Brussels Sprouts Hash: Side Dish + Healthy Breakfast
Learn how to make my new favorite quick breakfast recipe that can also be enjoyed for lunch, dinner, or as a side dish recipe.
I don’t know about you, but I’m always trying to find different ways to eat my vegetables, especially in the mornings. I joined the green smoothie movement for a bit, pureeing my kale and spinach with the health-nuttiest of them, but it didn’t take me long to realize that I just didn’t like my vegetables in cold liquid form. It did get me thinking though – what other forms could my usual veggies take?
I had always cooked brussels sprouts whole or halved. Could there be another form? And one that worked for breakfast? It turns out the answer was YES.
Brussels sprouts are effectively just miniature cabbages, and what do you do with cabbage? You slice it! I can’t believe that I had never thought to prepare brussels sprouts this way, but once I started to, a new world opened up. Sliced up, I could eat them for breakfast, throw them into soups or salads, or saute them up for an easy side dish.

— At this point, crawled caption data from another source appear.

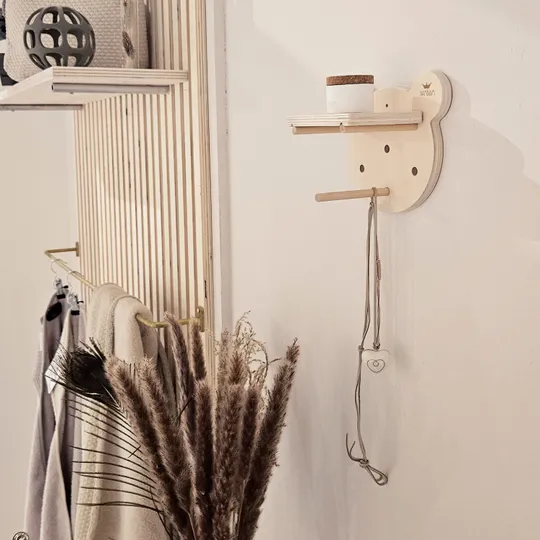 BamBam Wooden Bear Pegboard (Small) Eco Fiendly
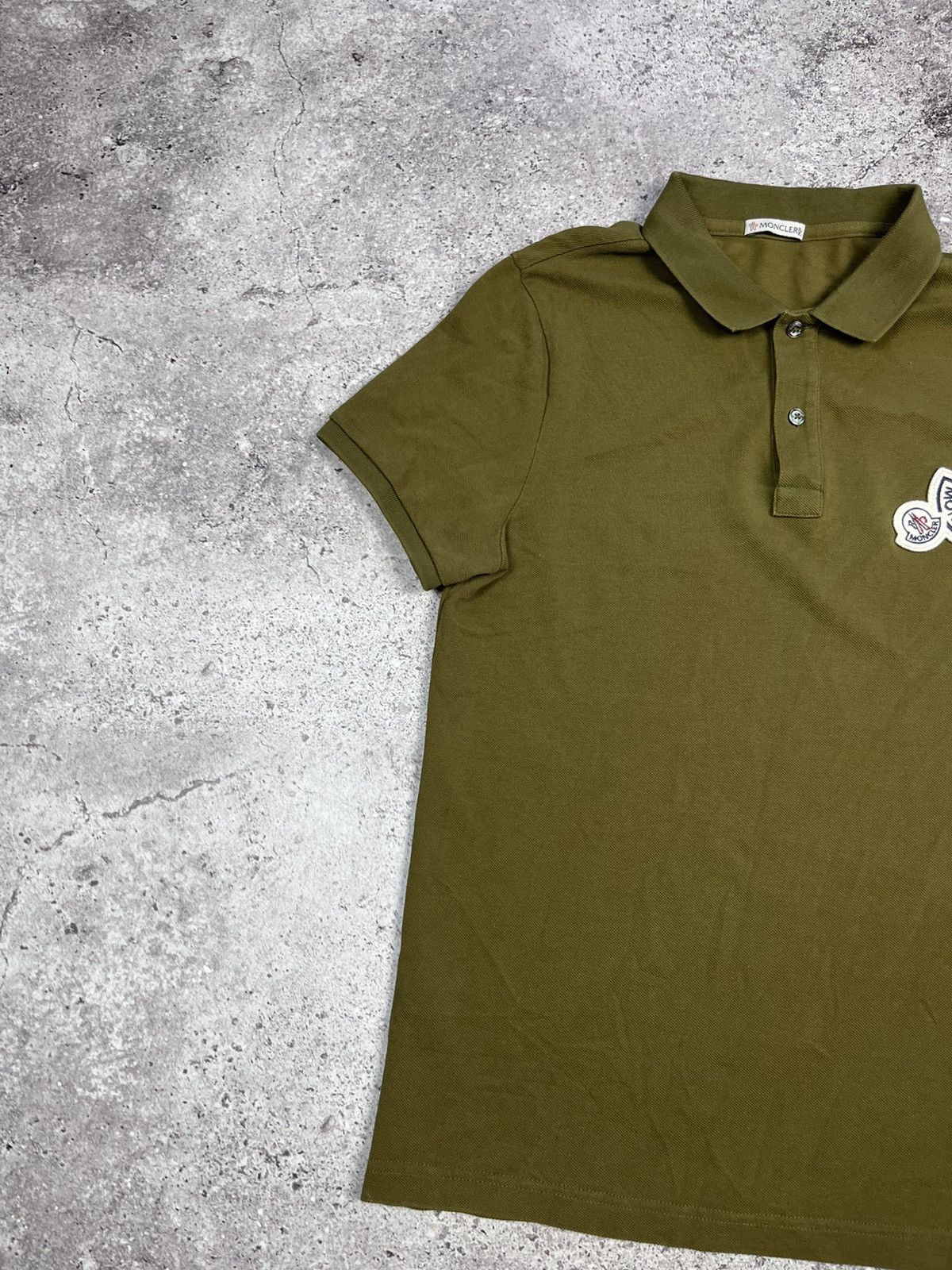 Moncler Double Logo Maglia Polo Manica Corta Size S Mens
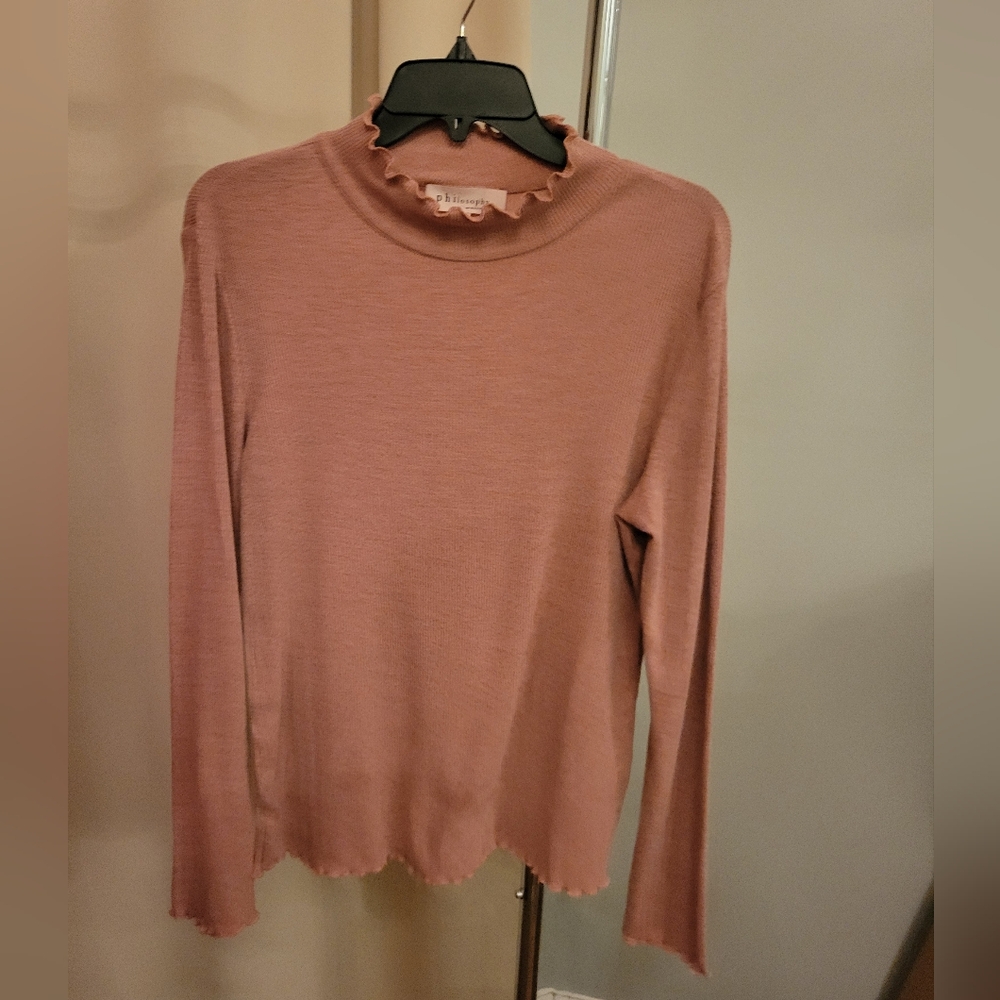 Women's Philosophy Pink Ruffled Top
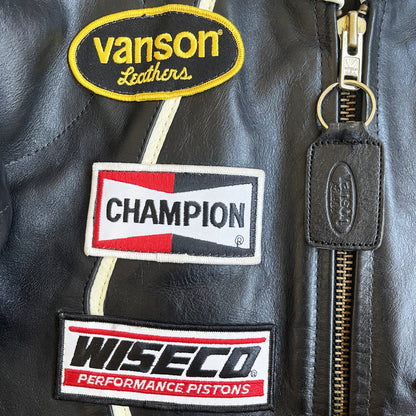 Vanson Leathers 'One Star' Motorcycle Racer Jacket - L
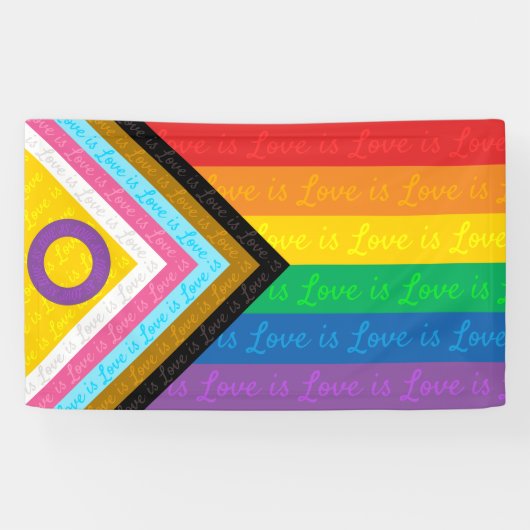 プライドフラッグ Love is Love バナー 横断幕 (横)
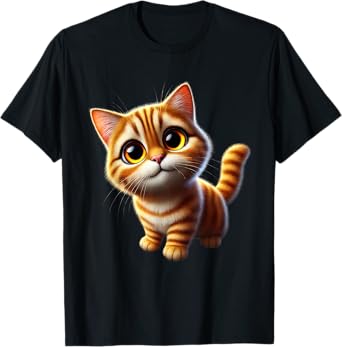 Adorable Orange Tabby Kitten Cute Cat T-Shirt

Today’s recipe is now one of my favorite 10-minute side dish recipes: Sweet and Tangy Brussels Sprouts Hash. For those that usually complain about the bitterness of brussels sprouts and are wondering how to cook brussels sprouts so they taste delectable, we have a solution for you!
When you slice sprouts down and flavor them with some tart balsamic vinegar and sweet brown sugar, any trace of bitterness disappears. Add toasted crunchy pine nuts and this is a form of vegetable I can definitely get behind!
Try our delicious brussels sprouts recipe and savvy cooking tips below and get ready to be amazed by this great side dish. Since it only takes 10 minutes to whip up, try making it for a healthy savory breakfast next week and start the day with a good dose of nutrients!
Meal Planning Smarts
- Budget Cooking: If you’re looking to cut costs, there are plenty of ways to reduce the price of this already inexpensive dish. One way is by swapping out pine nuts for less expensive sliced almonds or even pepitas to get that great crunch. Another way is to use common green cabbage instead of brussels sprouts.
- Time Savers: It is super easy to double up the recipe so you cook once and eat twice. With a double batch, you can enjoy half for dinner with a seared protein and then wake up to leftovers for a quick savory breakfast, topped with a fried egg! To save more time, you can also use a food processor to shred brussels sprouts like this.
- Chopping an onion doesn’t have to be a long, tearful process. Learn how to slice an onion quickly and efficiently with our 1-minute video, so you can add aromatic flavor to the dish:
How to Slice an Onion
Learn the most efficient way to slice, dice, and chop onions so that your prep always goes smoothly.
- If you don’t have a saute pan in your cookware cabinets, it might be time to add one to the ranks. This no-drip sauté pan makes breakfast hashs come together seamlessly, but you can also use it for other classic cooking techniques like slow simmers, rolling boils, and liquid reductions.
For more kitchen and equipment and tool smarts, visit our Essential Kitchen Cookware and Tools
- Onions, red - 1, sliced
- Brussels sprouts - 1 lb, sliced
- Pine nuts - 2 Tbsp
- Olive oil - 1 Tbsp
- Balsamic vinegar - 2 tsp
- Brown sugar - ½ Tbsp
- Red onions – Prep as directed. (Can be done up to 5 days ahead)
- Brussels sprouts – Slice in half, and then slice thinly (ends can be discarded). (Can be done up to 5 days ahead)
- Heat a sauté pan over medium-high heat. Add pine nuts and toast lightly for 3 minutes, shaking pan every so often to prevent burning. Remove and set aside when golden.
- Return pan to medium-high heat. Add olive oil and then red onions with a pinch of salt. Sauté onions for ~3 minutes. Then add sliced brussels sprouts with some more salt, balsamic vinegar, and brown sugar. Sauté until softened, another ~5 minutes. Season to taste with any of the ingredients.
- Top with toasted pine nuts and enjoy!